Almanya’nın Jülich kentindeki Synlight binası, DLR olarak bilinen Alman Havacılık Merkezi araştırmacılarının “dünyanın en büyük yapay Güneşi” diye adlandırdığı şeye ev sahipliği yapıyor. Binanın tek bir duvarının ardında bir dizi Xenon kısa arklı lamba bulunuyor. Tıpkı geniş sinemalarda filmi yansıtmak için kullanılanlar gibi.
Ancak dev bir sinemada yalnızca bir lamba yer alırdı. Buradaysa, yaklaşık 14 metre yüksekliğinde ve 16 metre genişliğinde bir alan boyunda tam 140 tane var.
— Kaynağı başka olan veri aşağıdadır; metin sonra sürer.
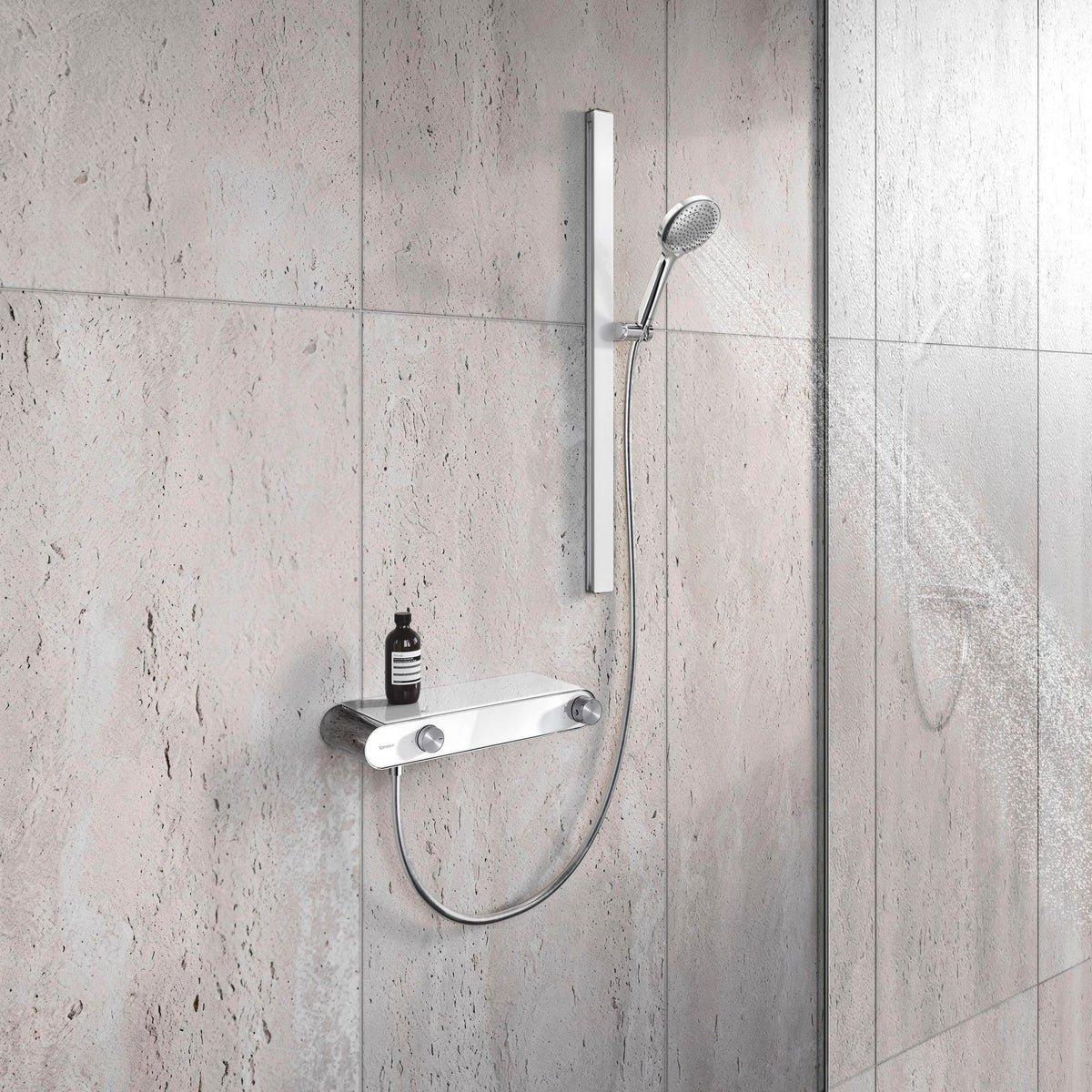 Duravit Brausestange 810 mm Chrom Weiß Hochglanz – Höhenverstellbar mit verdeckter Befestigung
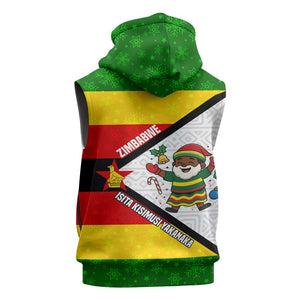 Zimbabwe Christmas Sleeveless Zip Hoodie Festive Santa Palm Tree and Red Yellow Green Flag - African Pride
Tüm lambalar açılıp 20 x 20 cm’lik bir noktaya odaklandığında dünyanın herhangi bir yerindeki güneş radyasyonundan 10.000 kat daha yoğun ışık oluşturuyor. Merkezde ise sıcaklık 3.000 °C’nin üzerine çıkıyor.
Kurulum, güneş ışığını inanılmaz derece sıcak küçük alanlara odaklamak üzere ayarlanabilir aynalarla dolu bir alandaki çok güçlü güneş enerjisi santrallerini taklit etmek için kullanılıyor. Burada daha sonra buhar oluşturmak ve elektrik üretmek için kullanılan tuzu erimesi sağlanıyor.
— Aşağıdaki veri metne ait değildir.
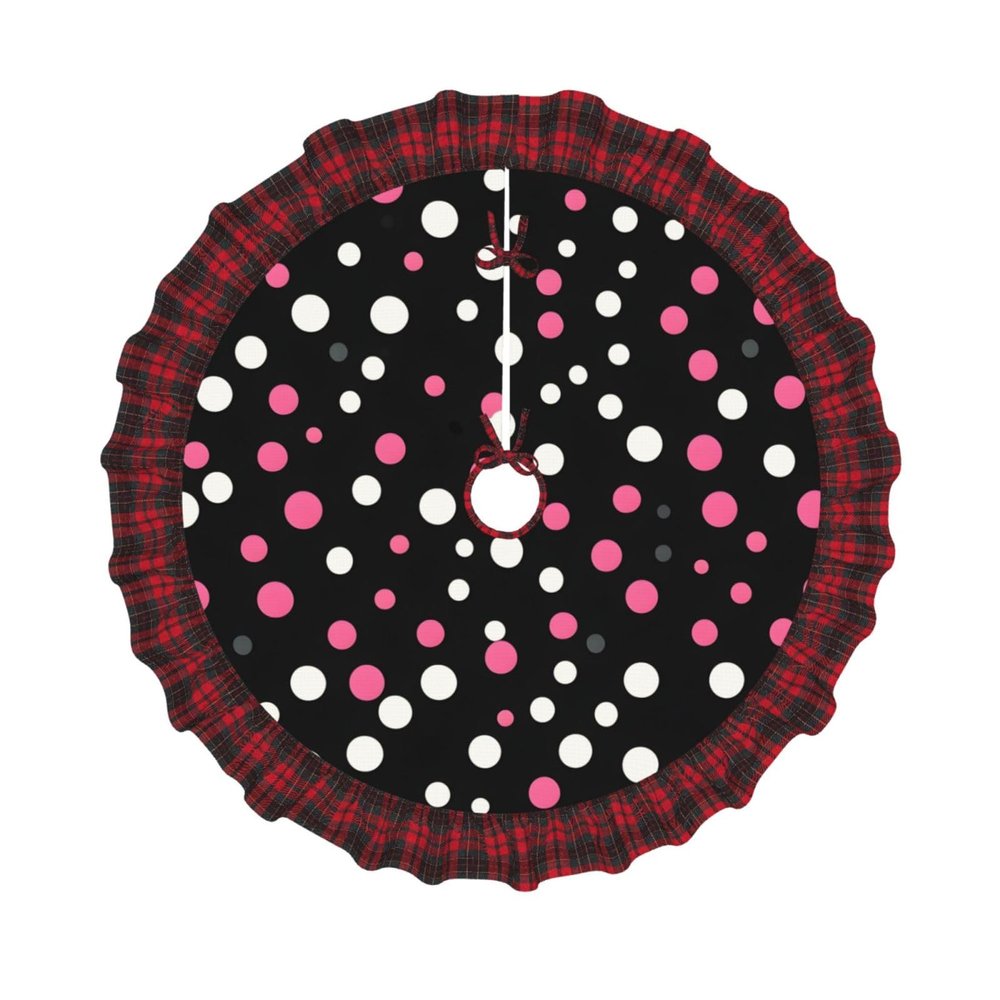 Christmas Tree Skirt for Xmas Holiday Party Decorations Classic Red Scottish Plaid 48",Black Polka Dots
Projenin amacı, hidrojen yakıtı üretmek için bir reaksiyona güç sağlamak için doğal güneş ışığını yoğunlaştırmak amacıyla en uygun kurulumu keşfetmek.
Projenin gelişmesi için çalışmalar sürüyor
Yine de, DLR’deki araştırmacılar, benzer bir ayna kurulumunun, hidrojenin su buharından çıkarıldığı yüksek enerjili bir reaksiyona güç vermek için kullanılabileceğini düşünmektedir. Teoride, bu süreç sabit ve uygun fiyatlı bir sıvı hidrojen yakıtı kaynağı olabilir – enerji araştırmacılarının buna devam etmek istemelerinin asıl sebebi ise yanarken karbon emisyonu yaratmaması.
Sorun şu ki, DLR’dekiler henüz nasıl yapıldığını bilmiyor. Bu yüzden, yansıyan güneş ışığı yerine suni ışık kullanarak bu işlemi biraz kurcalamak için bir laboratuvar ortamı oluşturdular. Bu ortamda sadece dört saatlik bir çalışma sırasında bir evin bir yıllık elektrik harcamasına eşdeğer bir elektrik kullanıldı. Bu da asıl amaca pek uygun görünmüyor.
Elbette, hidrojen yakıtı ucuza üretmeyi amaçlayan ilk projeden oldukça uzaktalar: yapay fotosentez, deniz suyu elektrolizi, biyokütle tepkimeleri ve diğer pek çok proje, maliyeti düşük bir çalışma yapmak için denendi ve bugüne kadar başarısızlıkla sonuçlandı.